Malraux avait donc raison : le XXIème siècle risque d'être sacrément métaphysique. On entend par ci, par là des phrases définitives : Dieu reste ce que savent les enfants (qui ont bon dos) et ce que les adultes ignorent . Ou encore : un adulte n'a pas de temps à perdre pour nourrir les oiseaux. C'est donc en voyant sur la couverture des journaux la joie lumineuse d'Ingrid que certains comprennent à nouveau ce qu'on appelle une image sainte. Reste à savoir si l'on veut, face à elle, joindre les mains ou les laver.L'histoire est vieille comme le monde, le pouvoir traite de la main à la main avec l'éternité supposée. Il y engage jusqu'au dernier sou de son âme pour préserver ses prérogatives temporelles. D'un côté la fausse monnaie, de l'autre l'amour du monde. C'est dire ce qu'il en est de ce dernier… Ceux qui possèdent disent aux autres : soyez riches de tout ce que nous n'avez pas et de ce que vous n'aurez jamais. Sans le savoir, ils ne pourront jamais mieux dire. Au sein de ce qui pour eux n'est qu'un mensonge, ils affirment que le monde de l'esprit n'est que le monde matériel enfin remis d'aplomb.

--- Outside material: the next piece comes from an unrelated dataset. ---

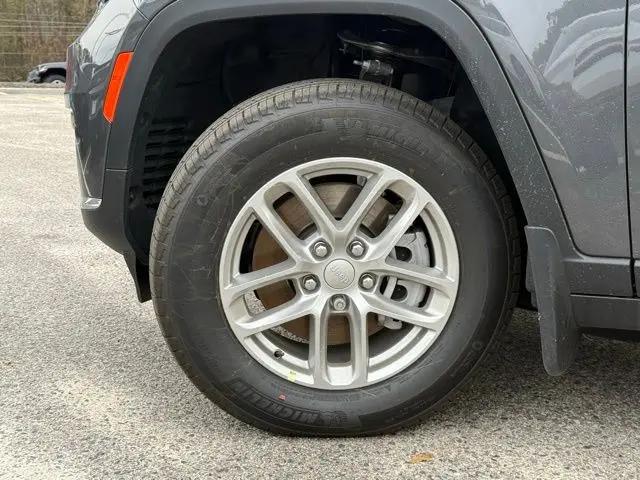 2025 Jeep Grand Cherokee L Laredo X 4x4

Reste à savoir si une image pieuse - telle qu'Ingrid Betancourt - a compris que dans le monde de l'esprit c'est par la faillite qu'on fait fortune. N'est-ce pas là accorder trop de crédit à une image (fût-elle pieuse) ? Un sérieux doute est émis. Pas sûr qu'une telle égérie élevée au rang de martyr renonce à tenir sa boutique et ne continue pas la vieille histoire dont elle reste l'héritière. Sa famille était dans le commerce des valeurs bourgeoises et son père était un prélat laïque gavé de bel encre. Ayant cuit longtemps son pain aux enluminures de la richesse de ce monde il n'est pas sûr que la fille ose le pas au delà, déserte et abandonne sa place. Sera-t-elle de celles qui osent dire : des choses je ne connais plus que le prix et je m'en dépouille devant tous les gens de bien. Je m'en vais nue comme un brin d'herbe, comme une première étoile dans le ciel noir ? C'est tout le mal qu'on lui souhaite. Mais peut-être ne fera-t-elle que vieillir.